Gobert comes in, and the Clippers are still small. So here, Paul George drives on Bogdanovic, and Gobert comes over to help. The problem is that it’s an easy kickout to Patrick Beverley for the three.
Here, I think the help is reasonable: George deep in the paint is probably more of a threat than Beverley from the corner. But when he does help, Gobert thinks the pass is going to be a shot, jumps, and then as a result is too slow in closing out.
Again, the other thing the Jazz could do here is switch late: once Gobert comes down low, have Bogdanovic pop out to the corner. That’s really hard to do there, though, especially with George on the left side of the paint.
It goes to show you the value of spacing in this league: when you have 5 quality shooters, teams are hard to stop. That being said, the Jazz need to take advantage against these small lineups by rebounding better when they do miss — see point No. 1.
3. There were a lot of upsides, though
This game represented the strongest test the Jazz have faced this season. A full-strength Clippers team, with something to prove, coming off some rest, after the Jazz embarrassed them a little the game before, in the Staples Center... it’s probably the second or third-hardest game they’ll have all season, only behind their trips to Los Angeles to face the team in yellow — we’ll see if the Lakers are at full strength for those.
And yet, the Jazz’s offense held up. They still had a 114 offensive rating overall, and a 101 in halfcourt, both of which are pretty good figures. They didn’t get to the rim much, but still got up a relatively good number of threes against the Clippers’ defense. They missed some open ones, but so did the Clippers.
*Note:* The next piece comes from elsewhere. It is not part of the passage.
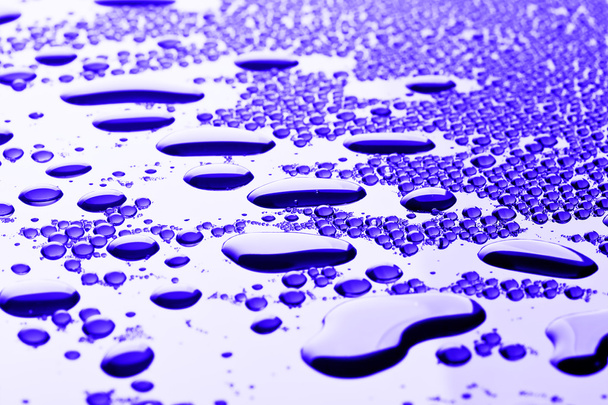 Many water drops for background - Foto, Bild
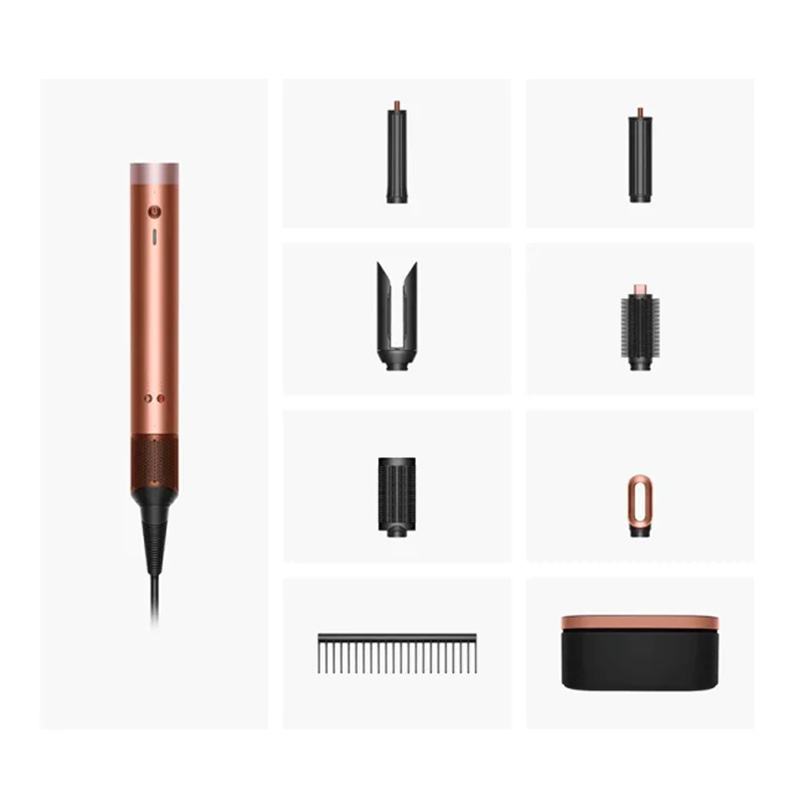سشوار و حالت دهنده مو دایسون مدل DYSON HS09 AIRWRAP CO-ANDA2X STRAIGHT+WAVY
They also forced the Clippers to take a lot of midrange shots: the Clippers were a remarkable 11-17 from outside 14 feet but inside the 3-point line. Obviously, they do have a lot of players who can make those shots, but that’ll be near their high point. Now, you just wish that the Jazz had rebounded the misses they did get.
I still think it’s a very good matchup for Rudy Gobert, even though he didn’t play well offensively tonight: the Clippers only took 15 shots at the rim. Having two centers he can play well against is nice, and the Clippers can’t go small for very many minutes overall.
There was some worry about Bogdanovic’ performance after Wednesday, but he bounced back strongly. And Mitchell showed some fight to keep the team close late.
I also thought the Jazz got an unfortunate whistle.
The Clippers got a lot right to win this: big threes from Marcus Morris and Patrick Beverley, clutch free-throw shooting down the stretch, and terrific effort throughout. It was a fun game, and if these two teams match up in the playoffs, it’ll be a close series — but one that the Jazz definitely have a great chance to win.